CREATE TABLE T_Bill (
RefNo INTEGER IDENTITY PRIMARY KEY,
B_Invoice INTEGER NOT NULL REFERENCES
T_Invoice,
B_BillDate SMALLDATETIME DEFAULT CURRENT_TIMESTAMP
NOT NULL,
B_DueDate SMALLDATETIME DEFAULT (CURRENT_TIMESTAMP
+14) NOT NULL,
B_Paid BIT DEFAULT 0 NOT NULL,
B_PaidDate SMALLDATETIME DEFAULT CURRENT_TIMESTAMP NOT NULL,
B_PaymentInfo VARCHAR(24) DEFAULT '???' NOT NULL
);



Celko Answers
Your table is not designed properly. Your assembly-style bit flag is
redundant when you have a payment date. IDENTITY cannot be a
relational key by definition and it is redundant given the invoice
number. You never put the table as a prefix on a data element names
because that would change the names from table to table. If the due
date is always 14 days after the billing date, then put compute it in
a VIEW or a query instead of wasting space. This also gives you more
control without having to alter the tables.

CREATE TABLE Billings
(invoice_nbr INTEGER NOT NULL
REFERENCES Invoices (invoice_nbr),
billing_date DATETIME NOT NULL,
PRIMARY KEY (invoice_nbr, billing_date),
paid_date DATETIME, -- null is unpaid
payment_note VARCHAR(24) DEFAULT '???' NOT NULL);



>> I would like a query that returns invoices with overdue bills <<


SELECT invoice_nbr, CURRENT_TIMESTAMP
FROM Billings
WHERE paid_date IS NULL
AND DATEADD (D, billing_date, 14) >= CURRENT_TIMESTAMP;

You need to get a book on basic data modeling.
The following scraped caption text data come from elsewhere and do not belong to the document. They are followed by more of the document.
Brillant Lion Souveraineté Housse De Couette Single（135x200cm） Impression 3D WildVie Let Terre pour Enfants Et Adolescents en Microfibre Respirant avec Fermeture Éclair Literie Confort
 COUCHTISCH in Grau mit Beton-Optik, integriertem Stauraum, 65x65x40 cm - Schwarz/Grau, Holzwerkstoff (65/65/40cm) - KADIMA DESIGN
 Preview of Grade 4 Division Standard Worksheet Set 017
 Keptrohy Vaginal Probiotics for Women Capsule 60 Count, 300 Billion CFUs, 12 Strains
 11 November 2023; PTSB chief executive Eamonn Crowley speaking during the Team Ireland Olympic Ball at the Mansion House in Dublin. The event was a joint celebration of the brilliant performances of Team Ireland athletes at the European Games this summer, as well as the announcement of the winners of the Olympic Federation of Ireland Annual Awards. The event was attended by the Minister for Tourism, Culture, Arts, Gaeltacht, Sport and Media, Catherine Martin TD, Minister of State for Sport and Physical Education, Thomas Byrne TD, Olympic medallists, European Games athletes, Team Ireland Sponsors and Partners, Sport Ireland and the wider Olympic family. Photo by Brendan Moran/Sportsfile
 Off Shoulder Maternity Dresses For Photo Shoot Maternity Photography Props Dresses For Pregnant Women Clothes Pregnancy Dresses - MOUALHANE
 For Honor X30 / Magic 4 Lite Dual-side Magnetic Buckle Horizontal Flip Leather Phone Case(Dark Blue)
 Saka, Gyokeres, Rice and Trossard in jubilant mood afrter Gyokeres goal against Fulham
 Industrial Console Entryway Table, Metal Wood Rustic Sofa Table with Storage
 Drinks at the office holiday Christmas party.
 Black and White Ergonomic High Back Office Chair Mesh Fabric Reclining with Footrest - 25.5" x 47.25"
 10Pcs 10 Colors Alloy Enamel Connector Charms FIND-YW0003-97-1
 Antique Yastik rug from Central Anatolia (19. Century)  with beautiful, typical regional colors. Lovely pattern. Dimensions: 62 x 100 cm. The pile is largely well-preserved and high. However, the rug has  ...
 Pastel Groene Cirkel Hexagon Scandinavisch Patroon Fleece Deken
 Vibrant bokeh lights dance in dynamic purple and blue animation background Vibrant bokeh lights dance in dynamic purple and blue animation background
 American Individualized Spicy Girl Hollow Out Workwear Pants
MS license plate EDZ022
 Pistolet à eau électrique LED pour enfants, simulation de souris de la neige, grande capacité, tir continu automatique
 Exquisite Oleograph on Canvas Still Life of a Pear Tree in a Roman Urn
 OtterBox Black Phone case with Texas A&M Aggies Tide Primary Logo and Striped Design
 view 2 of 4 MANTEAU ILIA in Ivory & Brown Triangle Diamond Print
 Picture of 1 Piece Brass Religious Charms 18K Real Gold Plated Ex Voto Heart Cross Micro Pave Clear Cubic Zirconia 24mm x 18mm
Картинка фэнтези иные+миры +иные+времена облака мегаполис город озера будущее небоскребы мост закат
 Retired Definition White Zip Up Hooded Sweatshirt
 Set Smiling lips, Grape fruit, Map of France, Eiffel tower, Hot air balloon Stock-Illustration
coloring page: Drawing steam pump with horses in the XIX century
And one on RDBMS.
What you have is a badly designed punch card file system, with flag,
sequential numbering, etc. .

Tuesday, May 08, 2007

Simple update question

SQL Apprentice Question
Greetings,
I have a simple update query in Sql 2k and want to update only
one field instead of all 3 fields.

Update customer set
Name = @inName,
City = @inCity
State = Case when @instate is not null then @instate else
State end
Where Customer = @inCust


I would like to know what's the best way to prevent not to update all
3 field when updating only one. If I use the case statement then check
for @instate if not null then itself - would this prevent
from updating the third field. Is there a better way to do this
update. Thanks in advance.



Celko Answers

>> The question is by updating all fields [sic] isn't too much overhead for SQL Server 2k to deal with? <<


You missed one of the major points of SQL. The unit of work is the
entire row and not the columns within a row. This is one of the many,
many ways that newbies confuse rows and records, fields and columns.
This is why we have OLD and NEW (called INSERTED and DELETED in local
dialect) in the SQL update model. Records are updated a field at a
time in file systems.

Friday, May 04, 2007

Stored Procedures---Stacking IFs

SQL Apprentice Question
What is the proper syntax for stacking these IFs in a Stored Procedure???

Thanks in advance...


IF @Loan_Nbr IS NOT NULL
IF @MTM_Losses_Accrued IS NOT NULL
IF EXISTS ( SELECT 1 FROM [DMD_Data]..[UDF_WARRANTY] WARRANTY

Celko Answers
>> What is the proper syntax for stacking these IFs in a Stored Procedure <<


What the hell are you talking about?? IF-THEN-ELSE-ENDIF constructs in
any procedural programming language are nested or sequential. This
has nothing to why SQL. Don't you know how to program in ANY
language??!!

Please something that makes sense when you are sober

Naming Conventions

SQL Apprentice Question
I'm coming from a MS Access background and so I'm very used to and
comfortable with the hungarian (Leszynski et al) naming conventions.
However, I'm getting started into my first SQL Server Database and
really want to use the appropriate up to date standard naming
convention (ISO compliant).


I think I have the general idea from raking though countless
conflicting sites and posts, but I'm a bit stuck on what to do
regarding pk / fk naming


For example, in my MS Access world I would have two tables:


tblOrders
=======
strOrderID
intCustomerID
dtOrderDate
...


tblCustomers
==========
intCustomerID
strCustomerName
...


So what would the appropriate and most up-to-date and standard naming
be for SQL Server? My Guess:


Orders
=====
Ord_Order_ID_Pk
Ord_Customer_ID_Fk
Ord_Order_Date
...


Customers
========
Cus_Customer_ID_Pk
Cus_Customer_Name
...


How close (or far) am I from "Celko Proof" naming here?
All help gratefully accepted!


Celko Answers

>> I'm getting started into my first SQL Server Database and really want to use the appropriate up to date standard naming convention (ISO compliant). <<


Get a copy of SQL PROGRAMMING STYLE. Back in the early 1980's I
worked for
AIRMICS (Army Institute for Research in Management Information &
Computer Sciences) and researched code formatting. I based the book
on the ISO-11179 rules and a set of postfixes from Teradata, the other
data warehouse vendor and other meta data projects.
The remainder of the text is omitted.